The above factual account is not controversial. What is controversial is how we read Lenin’s intentions and how we assess the result. From the moment Lenin and others began the process of calling this conference, his critics within the party—an impressively panoramic array of figures, ranging through all factions including the Bolsheviks—declared that his conscious intention was to usurp party institutions for the sole benefit of the Bolshevik faction, that the Conference itself was no more than a Bolshevik gathering, and that the Central Committee elected by the Conference had no all-party authority whatsoever. This critique—voiced with special energy by Lev Trotsky—is the origin of the later standard story.
What comes out with terrific force from the new documents (although certainly present in Lenin’s published writings) is the Bolshevik reaction to this critique. They denounced it as vile and completely baseless slander. At all times—when the Conference was being organized, during its sessions, and afterwards—they maintained that the Conference was based on a good-faith effort to contact all existing underground party organizations in Russia, regardless of faction, and to invite them to send representatives to the Conference. They also maintained that in the main they had succeeded in calling a genuinely representative Conference, despite the problems imposed by police repression and obstruction by people like Trotsky. The Bolsheviks granted that there were no delegates from the non-Bolshevik national organizations, but not because the Conference organizers had not invited them, but rather because they refused to attend. When attacking Trotsky’s counter-conference in Vienna (the so-called August Conference), they maintained (and, it seems, with good reason) that their own Conference was much more representative of the underground organizations in the ethnically Russian portion of the empire.

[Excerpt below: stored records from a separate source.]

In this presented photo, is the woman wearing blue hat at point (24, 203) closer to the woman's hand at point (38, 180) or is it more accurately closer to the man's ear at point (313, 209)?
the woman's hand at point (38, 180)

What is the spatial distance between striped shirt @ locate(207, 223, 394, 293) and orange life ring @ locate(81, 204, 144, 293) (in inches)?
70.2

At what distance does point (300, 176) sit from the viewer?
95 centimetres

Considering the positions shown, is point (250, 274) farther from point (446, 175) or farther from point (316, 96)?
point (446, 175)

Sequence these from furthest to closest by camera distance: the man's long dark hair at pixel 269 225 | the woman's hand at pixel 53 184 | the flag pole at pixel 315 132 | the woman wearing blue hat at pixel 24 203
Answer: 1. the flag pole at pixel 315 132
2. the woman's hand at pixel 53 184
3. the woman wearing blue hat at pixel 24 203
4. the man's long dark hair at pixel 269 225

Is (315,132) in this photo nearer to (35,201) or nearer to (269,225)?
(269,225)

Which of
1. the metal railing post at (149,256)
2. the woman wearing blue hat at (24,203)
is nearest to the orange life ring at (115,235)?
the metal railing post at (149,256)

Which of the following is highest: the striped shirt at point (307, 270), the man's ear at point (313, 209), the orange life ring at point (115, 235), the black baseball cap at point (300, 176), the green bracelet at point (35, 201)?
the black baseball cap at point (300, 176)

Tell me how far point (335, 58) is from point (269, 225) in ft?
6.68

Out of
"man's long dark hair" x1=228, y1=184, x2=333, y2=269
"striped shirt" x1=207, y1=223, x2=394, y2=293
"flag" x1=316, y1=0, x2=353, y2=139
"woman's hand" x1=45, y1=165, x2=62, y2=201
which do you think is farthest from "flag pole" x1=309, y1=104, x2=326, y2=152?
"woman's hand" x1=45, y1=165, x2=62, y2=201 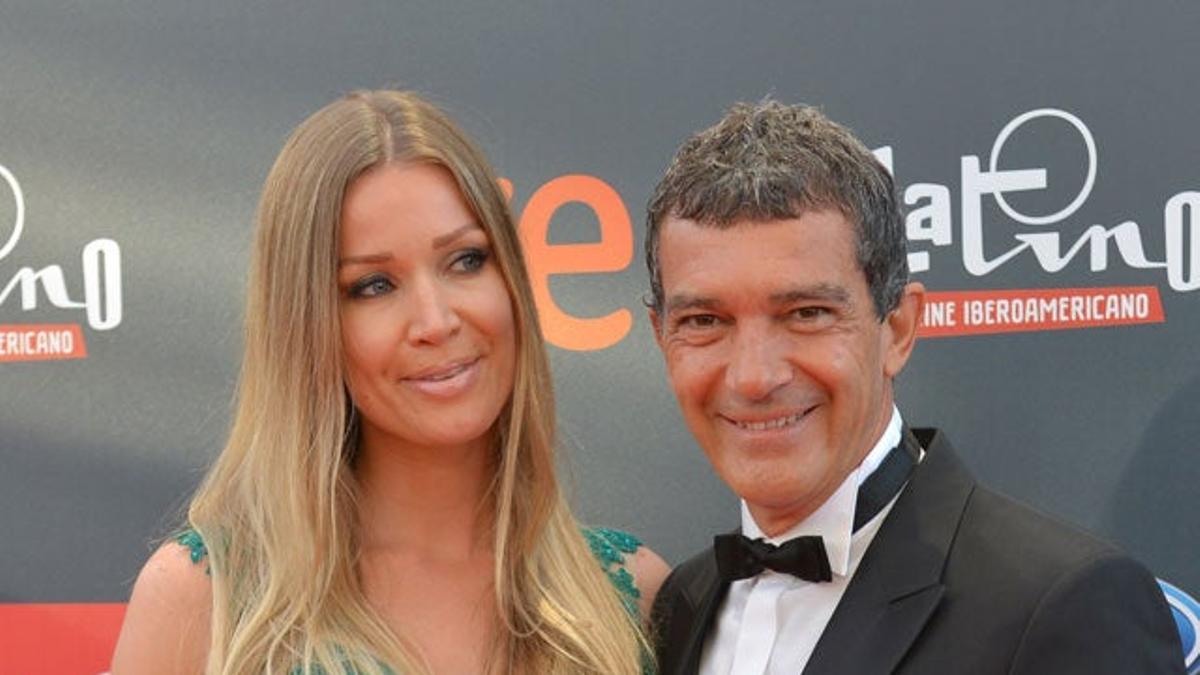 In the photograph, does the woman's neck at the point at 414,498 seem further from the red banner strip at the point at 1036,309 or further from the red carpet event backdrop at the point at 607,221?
the red banner strip at the point at 1036,309

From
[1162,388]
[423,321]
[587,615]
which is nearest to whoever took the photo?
[423,321]

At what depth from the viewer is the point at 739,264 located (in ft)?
6.04

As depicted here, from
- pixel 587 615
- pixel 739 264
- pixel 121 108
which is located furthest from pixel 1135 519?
pixel 121 108

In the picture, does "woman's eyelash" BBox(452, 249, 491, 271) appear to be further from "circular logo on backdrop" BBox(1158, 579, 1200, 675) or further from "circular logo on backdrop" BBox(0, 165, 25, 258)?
"circular logo on backdrop" BBox(1158, 579, 1200, 675)

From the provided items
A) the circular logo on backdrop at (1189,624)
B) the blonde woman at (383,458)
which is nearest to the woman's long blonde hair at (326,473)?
the blonde woman at (383,458)

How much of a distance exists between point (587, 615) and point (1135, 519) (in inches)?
41.4

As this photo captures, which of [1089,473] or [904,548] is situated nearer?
[904,548]

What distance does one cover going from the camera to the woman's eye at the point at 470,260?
2.28 meters

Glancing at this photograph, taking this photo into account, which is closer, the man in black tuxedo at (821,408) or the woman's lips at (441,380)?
the man in black tuxedo at (821,408)

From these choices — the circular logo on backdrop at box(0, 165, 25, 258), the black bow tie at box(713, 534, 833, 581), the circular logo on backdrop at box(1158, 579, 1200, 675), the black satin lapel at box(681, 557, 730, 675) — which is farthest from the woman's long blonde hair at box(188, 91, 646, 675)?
the circular logo on backdrop at box(1158, 579, 1200, 675)

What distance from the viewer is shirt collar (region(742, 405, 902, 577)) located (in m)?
1.91

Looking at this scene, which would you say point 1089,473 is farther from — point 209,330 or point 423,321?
point 209,330

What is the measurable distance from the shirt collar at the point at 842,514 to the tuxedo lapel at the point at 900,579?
0.03 metres

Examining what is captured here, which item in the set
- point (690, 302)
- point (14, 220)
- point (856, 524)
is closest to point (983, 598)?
point (856, 524) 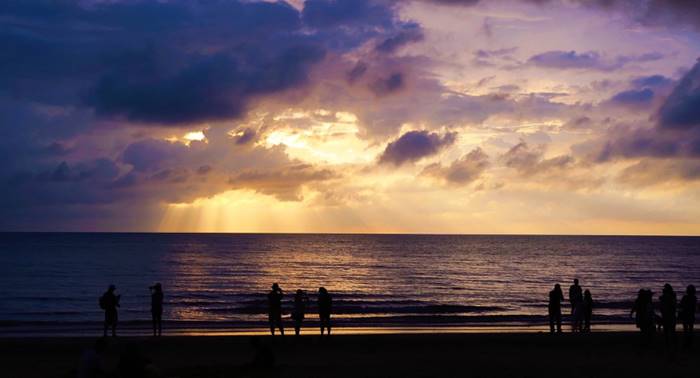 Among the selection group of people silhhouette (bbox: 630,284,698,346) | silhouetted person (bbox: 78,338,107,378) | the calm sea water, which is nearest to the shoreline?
the calm sea water

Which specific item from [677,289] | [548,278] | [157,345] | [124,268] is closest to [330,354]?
[157,345]

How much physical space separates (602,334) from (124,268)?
67386 mm

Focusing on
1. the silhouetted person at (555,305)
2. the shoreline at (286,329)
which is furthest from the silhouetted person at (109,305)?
the silhouetted person at (555,305)

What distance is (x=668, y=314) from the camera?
19453mm

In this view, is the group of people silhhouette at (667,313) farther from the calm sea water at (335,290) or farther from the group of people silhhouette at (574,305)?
the calm sea water at (335,290)

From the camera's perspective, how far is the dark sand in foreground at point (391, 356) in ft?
53.3

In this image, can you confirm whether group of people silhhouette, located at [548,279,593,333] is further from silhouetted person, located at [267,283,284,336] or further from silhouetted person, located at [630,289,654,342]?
silhouetted person, located at [267,283,284,336]

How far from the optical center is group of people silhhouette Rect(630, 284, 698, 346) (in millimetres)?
19484

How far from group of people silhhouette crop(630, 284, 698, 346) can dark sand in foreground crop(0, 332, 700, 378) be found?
0.50 meters

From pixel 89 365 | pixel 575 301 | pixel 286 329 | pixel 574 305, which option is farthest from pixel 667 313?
pixel 89 365

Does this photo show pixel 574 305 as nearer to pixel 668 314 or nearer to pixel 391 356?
pixel 668 314

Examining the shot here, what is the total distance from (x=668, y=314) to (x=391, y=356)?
28.5ft

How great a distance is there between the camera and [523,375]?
16.0 metres

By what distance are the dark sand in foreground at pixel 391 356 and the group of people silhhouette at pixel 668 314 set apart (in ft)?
1.66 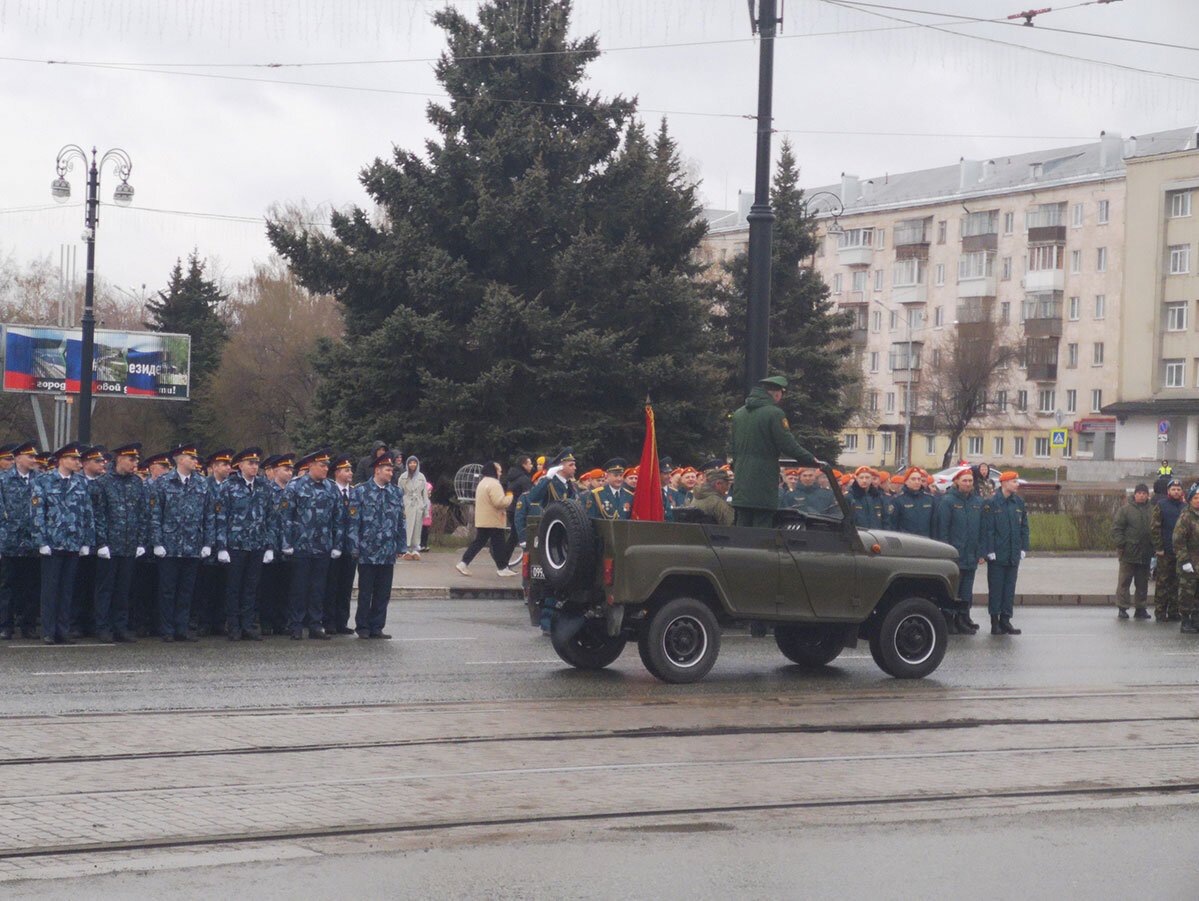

I will document this Bolshevik response with a number of expressive comments made at the time. These examples are illustrative of a stance defended energetically and repeatedly throughout this whole period.
Lenin. In response to criticism from fellow Bolsheviks of the process by which the Conference was being organized, Lenin set out his views on how to overcome factional difference. The polemic in the last sentence is directed at Trotsky.
The factions [fraktsii] arose out of the relations between the classes in the Russian revolution. The Bolsheviks and the Mensheviks only formulated answers to the questions with which the objective realities of 1905–07 confronted the proletariat. Therefore, only the inner evolution of these factions, of the “strong” factions, strong because of the deepness of their roots, strong because of the correspondence between their ideas and certain aspects of objective reality—exclusively the inner evolution of precisely these factions is capable of securing a real merger of the factions, i.e., the creation of a genuinely and completely united party of proletarian Marxist socialism in Russia.
A practical conclusion follows from this: only a rapprochement in the work of these two strong factions—and only insofar as they purge themselves of the non-Social-Democratic tendencies of liquidationism and otzovism [recallism]—represents a real party policy [that is, a policy aimed at protecting the party as a whole], a policy that really brings about unity, not easily, not smoothly, and by no means immediately, but in a way that will produce real results, as distinguished from a way based on a multitude of quack promises of an easy, smooth, immediate merger of “all” factions. (“The New Faction of Conciliators, Or the Virtuous,” October 1911, in Lenin, PSS 20:335-6 [my translation]; for online English version, see http://www.marxists.org/archive/lenin/ works/1911/oct/18b.htm.)
This does not sound like the manifesto of a man determined to rid the party of Mensheviks and to create unity by the equally “easy, smooth” way of restricting the party to a single faction. Lenin’s analysis also does not give much support to the assertion by Le Blanc and D’Amato that Lenin more or less equated Menshevism with “liquidationism.”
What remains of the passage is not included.